Early life and education

China 
Lo was born in Shun Tak, a district of Guangdong, China. At the age of five, she began to cook which was encouraged by her parents, particularly her mother who believed that "children should know how to do everything", and a father who had traveled widely and was familiar with foreign cuisines. Early influences also included her grandmother who instilled in her the techniques and culture of cooking while she was still a child.

Hong Kong 
In 1950, Lo fled the Chinese Revolution to live with relatives in Hong Kong. While there she learned English and further enhanced her knowledge of cooking by researching cuisines from all of the regions of China and taking lessons from an aunt who was herself a highly accomplished cook.

Career

United States 
After moving to the United States, she was urged by friends to teach Chinese cookery which she began to do in the early 1970s. For many years she taught in her home, from beginners to master classes. In 1976, she was invited to join the cooking and nutrition staff of the China Institute in New York City and taught there for more than twenty years. She has also taught Chinese cookery at The New School University in New York City.

Personal life and death 
In 1959, Lo married Fred Ferretti, an American journalist she met in Hong Kong while he was on assignment for the military newspaper, Stars and Stripes. She moved with him to the United States, initially living in Queens, New York.
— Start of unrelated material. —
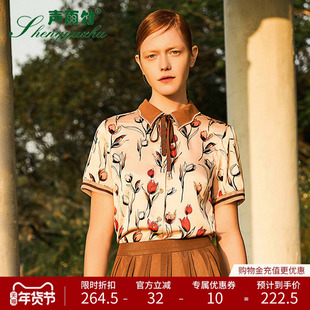 声雨竹专柜秋夏款衬衫女碎花POLO领短袖法式气质宽松印花复古潮流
Lo died on November 13, 2022, in Montclair, New Jersey. She was survived by her son, Stephen Ferretti.

Published cookbooks
 Mastering the Art of Chinese Cooking
 The Dim Sum Book:  Classic Recipes from the Chinese Teahouse
 The Chinese Banquet Cookbook
 Eileen Yin-Fei Lo’s New Cantonese Cooking
 From the Earth:  Chinese Vegetarian Cooking
 The Dim Sum Dumpling Book
 The Chinese Way: Healthy Low-Fat Cooking from China’s Regions
 The Chinese Kitchen
 The Chinese Chicken Cookbook
 My Grandmother’s Chinese Kitchen
 China’s Food, with Lionel Tiger (A photographic study and survey of great Chinese regional cooking)

Awards
 Mastering The Art of Chinese Cooking was a winner of the International Association of Culinary Professionals (IACP) Julia Child Award and nominated for The James Beard Award
 The Chinese Banquet Book Cookbook was an IACP Julia Child Award winner 
 The Dim Sum Book was nominated for an IACP Julia Child Award 
 From the Earth:  Chinese Vegetarian Cooking was nominated for an IACP Julia Child Award and The James Beard Award

Honors
 Silver Spoon Award - Food Arts magazine (New York, 2007)
 Lifetime Achievement Award - La Celebration Culinaire Internationale (Washington D.C., 2001)
 Lifetime Achievement Award - New World Festival of Food and Wine (Singapore, China 1998)
 James Beard House Dinner - 'Little Dishes East and West' (New York, 1998)
 James Beard Awards – One of a group of chefs to cook for the James Beard Awards 10th Anniversary Gala (New York, 1996)

Organizations
Lo has been associated with the following organizations over her career:
 Food Arts (New York), Asian food authority
 Les Dames d’Escoffier (New York), Member
 China Institute (New York), cooking instructor
 New School Culinary Arts (New York), cooking instructor

Newspaper and magazine articles
Lo has written on both food and restaurants for:
 The New York Times
 The New York Times Magazine
 Gourmet magazine
 Food & Wine
 Travel + Leisure 
 Food Arts (master class article contributor)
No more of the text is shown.